In 2009, an Appellate Court in Orange County issued a ruling on automated red light tickets that left their enforceability statewide in doubt. If you receive a red light traffic ticket, don’t just give up. For less than the cost of your fine, you can hire an attorney to handle the case for you.

Instead, when most people get a red light ticket, first they get angry, and then they give up. That’s a big mistake. A conviction in California for a violation of CVC 21453 for running a red light includes:

  • A fine of over $400
  • One point against your license
  • A record of the ticket on your DMV report
  • An increase in your insurance premiums

However, an attorney can often get a red light ticket dismissed, or beat it at trial. That means no points on your license, no record of the citation, no traffic school, and no increase in insurance premiums. On top of that, your attorney can make a court appearance for you. That means you don’t have to miss work and wait in line for traffic court all day.
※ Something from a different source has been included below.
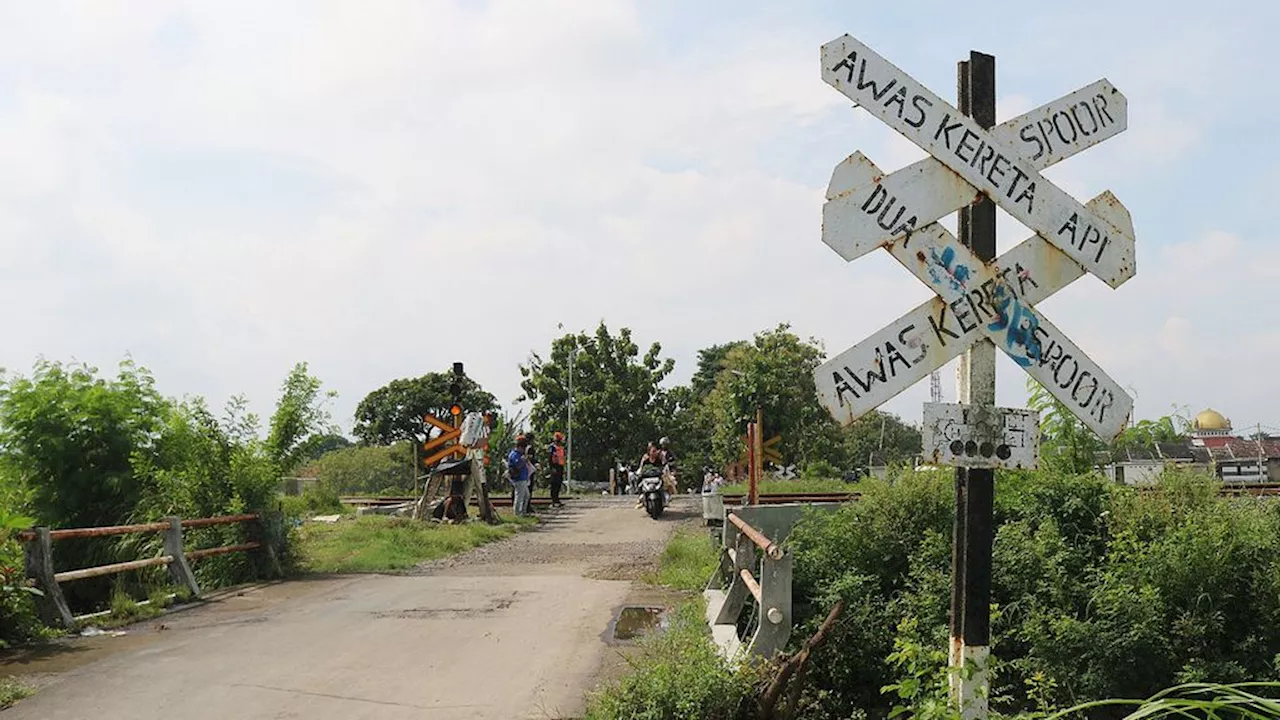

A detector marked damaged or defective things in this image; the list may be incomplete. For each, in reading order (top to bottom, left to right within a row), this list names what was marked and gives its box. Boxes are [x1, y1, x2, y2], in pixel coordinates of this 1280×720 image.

rusty metal pole [952, 50, 998, 717]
When you hire an attorney to handle a ticket, you are paying for the peace of mind of knowing that you are getting the best deal possible. A prosecutor will often give a deal to an attorney that he would not give to a person that is representing themselves. Like most areas of the law, you absolutely have the right to handle the matter yourself. However, in most cases, you are wise to seek the assistance of someone who has handled such cases many times before.